With the existing paucity of knowledge concerning how health care is delivered in care homes, a grounded theory approach was adopted. A phenomenological interview study was used to understand how formal health care is delivered in care homes. The perspectives of care home staff and primary care services were sought using qualitative interviews that aimed to provide a description of context, different cultures of work, concepts and behaviours and to give parity to accounts from different professional and organisational perspectives.
Semistructured interviews were used, expecting respondents’ time to be limited. In light of the media and regulatory scrutiny, it was anticipated that care home staff might feel defensive and that their care was being judged. Therefore, a hypothetical case vignette was used to help elicit talk and to generate valid data.

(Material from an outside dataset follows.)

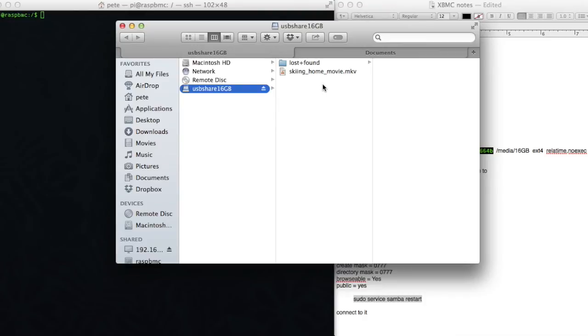So there we have it. The file is now on the server, ready to be watched. Sorry, there was a little glitch in there — my Finder crashed when I happened to be doing this. Just remember, there's no perfect OS out there. Mac OS crashes just like everything else.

The initial intention was for both residential and nursing homes, with and without dementia registration, to be sampled. The aim was to sample participants from the typical range of care staff who work in care homes and from primary care. Initial interviews were therefore planned with managers, nurses and care assistants employed in care homes and GPs, district nurses and allied health professionals providing services from primary care. The data-driven grounded theory approach required theoretical sampling whereby sampling decisions could change as the study progressed to test evolving theoretical constructs.
The managers of all care homes both within Nottinghamshire and within a circle with a 10-mile radius centred on the University of Nottingham Medical School (n = 131) were invited to a care home educational event. Of these, 18 care homes accepted an invitation to take part in a cohort study. Eleven care homes were selected from these for the cohort study using a purposive sampling matrix that reproduced the proportion of residents housed in residential/nursing and dementia-registered homes nationally. All 11 homes from the cohort study were invited to take part in the interview study. Once a home was recruited, individual care home staff were invited to participate through a circular letter and posters placed in staffrooms and on notice boards. Data saturation was reached after six homes were recruited.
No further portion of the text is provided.